This takes the form of a quadratic programming problems, and there are some well-known algorithms to solve them. (ex. SMO; Sequential Minimal Optimization)

Once optimal \(\mathbf{a}\) are calculated, the decision boundary is given by

$$y(\mathbf{x}) = \mathbf{w}^{\ast T}\phi(\mathbf{x})+b = \sum_{n=1}^N a_nt_nk(\mathbf{x},\mathbf{x}_n) + b$$

In terms of bias parameter \(b\), we can calculate it by noting that any support vector \(\mathbf{x}_n\) satisfies \(t_ny(\mathbf{x}_n) = 1\).

$$ \begin{aligned} &t_n\left(\sum_{m\in\mathcal{S}}a_mt_mk(\mathbf{x}_n,\mathbf{x}_m) + b\right) = 1\\ &\therefore b^{\ast}= \frac{1}{N_{\mathcal{S}}}\sum_{n\in\mathcal{S}}\left(t_n-\sum_{n\in\mathcal{S}}a_mt_mk(\mathbf{x}_n,\mathbf{x}_m)\right) \end{aligned} $$

Points

To minimize the numerical error, it is more appropriate to average these equation over all support vectors instead of choosing an arbitrarily support vector.

Soft SVC

class kerasy.ML.svm.SVC(kernel="gaussian", C=10, **kernelargs)

In the Hard SVC, we have assumed that the training data points are linearly separable in the feature space \(\phi(\mathbf{x})\). However, in practice, this property may cause the bad effect on the generalization performance.

Therefore, we introduce slack variables, \(\xi_n\gg0\) to allow some of the training points to be misclassified.

$$ t_ny(\mathbf{x}_n) \geq 1 \Longrightarrow t_ny(\mathbf{x}_n) \geq 1 - \xi_n $$

Our goal is now to maximize the margin while softly penalizing points that lie on the wrong side of the margin boundary

$$C\sum_{n=1}^N\xi_n + \frac{1}{2}\|\mathbf{w}\|$$

\(C\) controls the trade-off between minimizing training errors and controlling model complexity.

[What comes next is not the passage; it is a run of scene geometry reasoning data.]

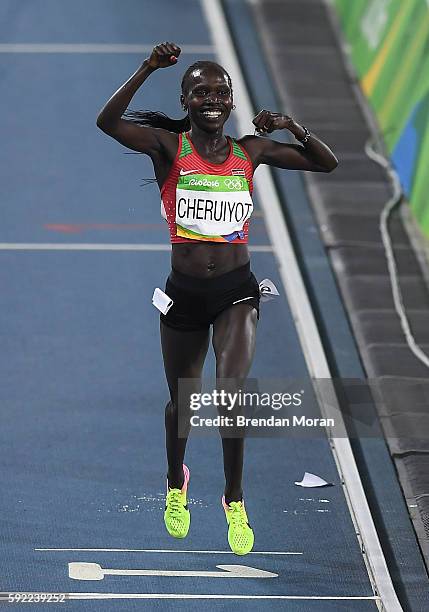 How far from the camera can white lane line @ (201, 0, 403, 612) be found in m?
6.68

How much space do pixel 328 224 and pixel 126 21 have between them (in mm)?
4520

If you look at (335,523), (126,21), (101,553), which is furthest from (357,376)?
(126,21)

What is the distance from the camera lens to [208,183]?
561cm

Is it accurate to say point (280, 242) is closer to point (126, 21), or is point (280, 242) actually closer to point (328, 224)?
point (328, 224)

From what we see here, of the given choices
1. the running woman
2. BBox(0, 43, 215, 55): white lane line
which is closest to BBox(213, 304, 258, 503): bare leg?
the running woman

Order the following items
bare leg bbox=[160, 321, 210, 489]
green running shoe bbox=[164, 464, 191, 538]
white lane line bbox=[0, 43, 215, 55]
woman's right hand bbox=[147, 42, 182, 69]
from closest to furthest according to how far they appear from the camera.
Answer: woman's right hand bbox=[147, 42, 182, 69], bare leg bbox=[160, 321, 210, 489], green running shoe bbox=[164, 464, 191, 538], white lane line bbox=[0, 43, 215, 55]

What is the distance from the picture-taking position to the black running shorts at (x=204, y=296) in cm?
570

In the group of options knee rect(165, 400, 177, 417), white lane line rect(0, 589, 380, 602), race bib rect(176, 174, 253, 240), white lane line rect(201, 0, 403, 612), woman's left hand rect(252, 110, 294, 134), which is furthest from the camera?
white lane line rect(201, 0, 403, 612)

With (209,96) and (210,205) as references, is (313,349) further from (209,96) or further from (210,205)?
(209,96)

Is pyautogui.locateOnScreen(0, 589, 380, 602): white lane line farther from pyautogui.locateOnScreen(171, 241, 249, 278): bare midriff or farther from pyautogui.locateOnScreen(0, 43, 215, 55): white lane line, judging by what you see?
pyautogui.locateOnScreen(0, 43, 215, 55): white lane line

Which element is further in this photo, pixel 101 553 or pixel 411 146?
pixel 411 146

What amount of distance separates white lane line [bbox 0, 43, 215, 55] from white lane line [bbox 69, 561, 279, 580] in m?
7.15

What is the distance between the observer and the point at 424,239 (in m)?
9.86

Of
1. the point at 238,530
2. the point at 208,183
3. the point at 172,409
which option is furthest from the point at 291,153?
the point at 238,530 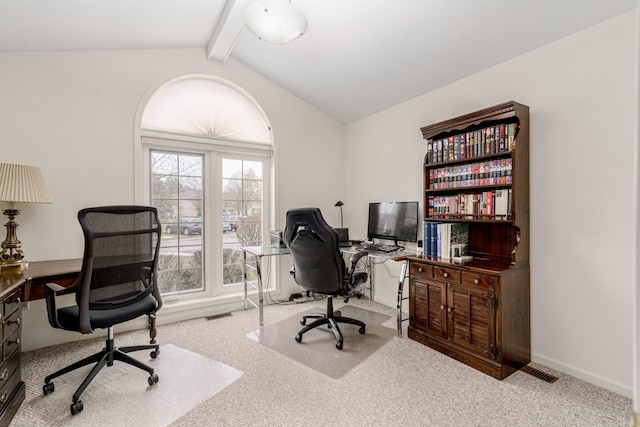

The corresponding Lagrangian is given by

$$L(\mathbf{w},b,\boldsymbol{\xi},\mathbf{a},\boldsymbol{\mu}) = \frac{1}{2}\|\mathbf{w}\|^2 + C\sum_{n=1}^N\xi_n - \sum_{n=1}^{N}a_n\left\{t_n\left(\mathbf{w}^T\phi(\mathbf{x}_n) + b\right) - 1 + \xi_n\right\} - \sum_{n=1}^N\mu_n\xi_n$$

Same as before, we set the derivatives of \(L\left(\mathbf{w},b,\mathbf{a}\right)\) with respect to \(\mathbf{w}, b\) and \(\{\xi_n\}\) equal to zero.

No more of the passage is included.